Les deux artistes entretiennent ce « mensonge » autour de ce personnage fictif jusque dans l’édition qui a été faite de ce projet. Le livre intitulé : Images latentes, journal d’un photographe pousse cette fiction dans le titre du livre lui-même. Ce livre contient lui aussi les photographies de toutes les pellicules à l’échelle 1 ainsi que les descriptions de chacune des photographies de ces pellicules. Deux documents qui n’apparaissaient pas dans l’installation sont présentés dans l’édition. Il s’agit de photographies originales de deux lettres numérotées et signées qui ouvrent le livre. L’une est écrite par Khalil Joreige et Joana Hadjithomas, l’autre par Abdallah Farah, toutes deux en arabe. Cette correspondance est traduite en français à l’intérieur du livre, on peut donc y lire leur échange fictif. Les artistes prennent de ses nouvelles et lui demandent de faire une sélection de pellicules pour l’édition et d’écrire un petit texte sur la façon dont il est arrivé à ces images invisibles, ils finissent par exprimer leur enthousiasme quant au projet. Dans sa réponse, Abdallah Farah précise qu’il n’a pas de démarche artistique, qu’il avait simplement manqué de matériel après la guerre pour tirer ses pellicules, il avait donc entrepris de noter dans un carnet le motif de ces photos afin de les développer plus tard. Il a ensuite continué à faire cela car il n’éprouvait plus le besoin de voir ses images mais simplement de les prendre. Il finit son courrier en disant qu’il est heureux de les aider mais qu’il ne comprend pas forcément leurs motivations.

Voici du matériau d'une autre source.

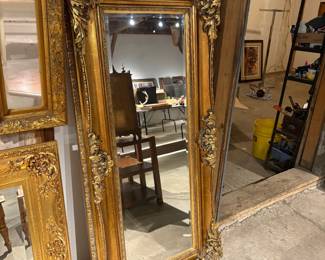 Another Beautiful Gilt Mirror - Large 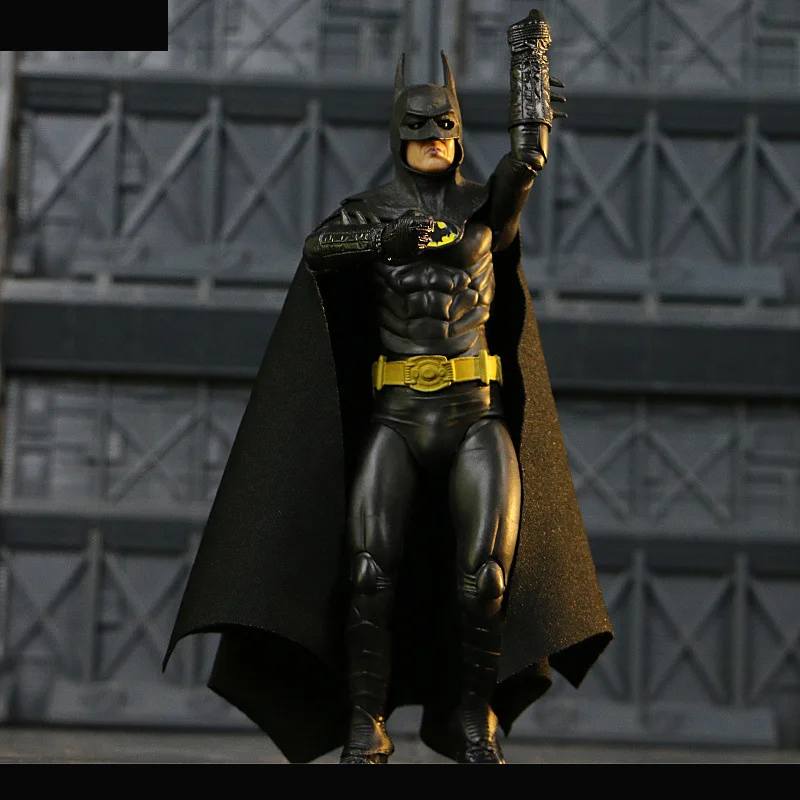 18 см Темный рыцарь 1989 Neca супергерой Бэтмен ПВХ экшн кукольная фигурка игрушки для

Il est difficile de discerner le vrai du faux dans ce projet. En effet, les artistes effectuent un va-et-vient entre réalité et fiction qui pose question. D’une part, nous sommes amenés à interpréter les descriptions de ces photographies mais nous sommes aussi amenés à considérer puis reconsidérer le contexte. Qui a vraiment fait ces pellicules ? Pourquoi ne pas vouloir les développer ? Enfin, si ce personnage est fictif, quelle est la part de véracité dans ces descriptions de photographies ?

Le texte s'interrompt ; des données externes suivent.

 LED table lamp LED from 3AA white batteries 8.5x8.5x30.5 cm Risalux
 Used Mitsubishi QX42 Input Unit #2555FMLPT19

C’est en découvrant leur exposition Se souvenir de la lumière au Jeu de Paume de juin à septembre dernier, que j’ai réalisé que leur travail était extrêmement lié à la politique de leurs pays d’origine, le Liban, mais aussi au rapport entre la vie et la fiction, entre le visible et l’absence. Ils ont aussi beaucoup travaillé sur les figures de la latence. « La latence c’est l’état de ce qui existe de manière non apparente mais qui peut à tout moment se manifester3. », expliquent les artistes dans le texte qui accompagne l’exposition. Ainsi, ils utilisent des stratégies tels que l’évocation, la raréfaction et la soustraction de l’image, la lacune n’est donc pas un facteur isolé dans leurs œuvres.

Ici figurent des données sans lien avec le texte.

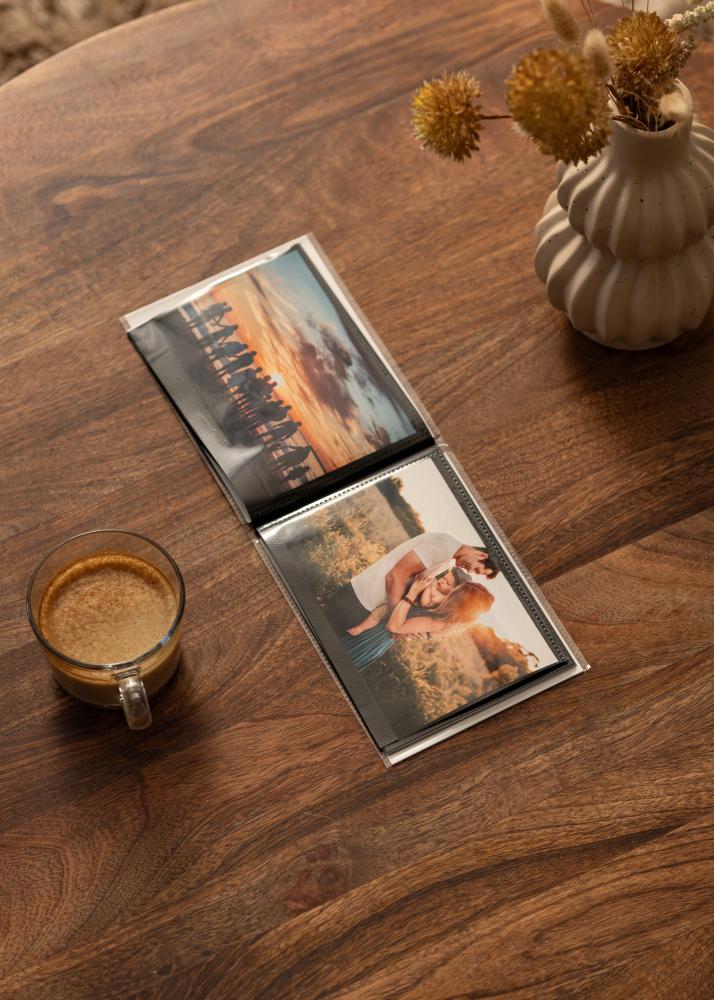 Grindy Album foto Alb - 24 fotografii în 11x15 cm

Le rapport avec le Liban est, lui, toujours présent et c’est par l’expérimentation de nouvelles formes de narration que les artistes tentent de proposer une critique de la politique libanaise. Ils élaborent en effet « [...] des récits et des images articulés autour d’histoires oubliées ou tenues secrètes, en résistance face à l’histoire officielle et aux imaginaires dominants4. » Il y a chez eux un projet global de recouvrement et de reconnexion des mémoires du conflit libanais. On comprend alors que dans le cas d’Images Latentes, les artistes se servent du personnage fictif d’Abdallah Farah pour tenter de faire exister des histoires sous-jacentes à l’histoire politique, chaque spectateur imaginant ainsi une histoire nouvelle et singulière du Liban contemporain.

1. HADJITHOMAS Joana et JOREIGE Khalil, « Part 3. Latent Images », Joana Hadjithomas & Khalil Joreige, (http://hadjithomasjoreige.com/latent-images/, consulté le 11/12/16).

2. HADJITHOMAS Joana et JOREIGE Khalil, in « Hadjithomas + Joreige, Je suis là même si tu ne me vois pas », Galerie Leonard & Bina Ellen, (http://ellengallery.concordia.ca/?piste-de-reflexion=hadjithomas-joreigeje-suis-la-meme-si-tu-ne-me-vois-pas, consulté le 11/12/16).

3. HADJITHOMAS Joana et JOREIGE Khalil, in « Joana Hadjithomas & Khalil Joreige, Se souvenir de la lumière », Jeu de Paume, (http://www.jeudepaume.org/?page=article & idArt=2475, consulté le 10/01/17)

4. Ibid., « Joana Hadjithomas & Khalil Joreige, Se souvenir de la lumière ».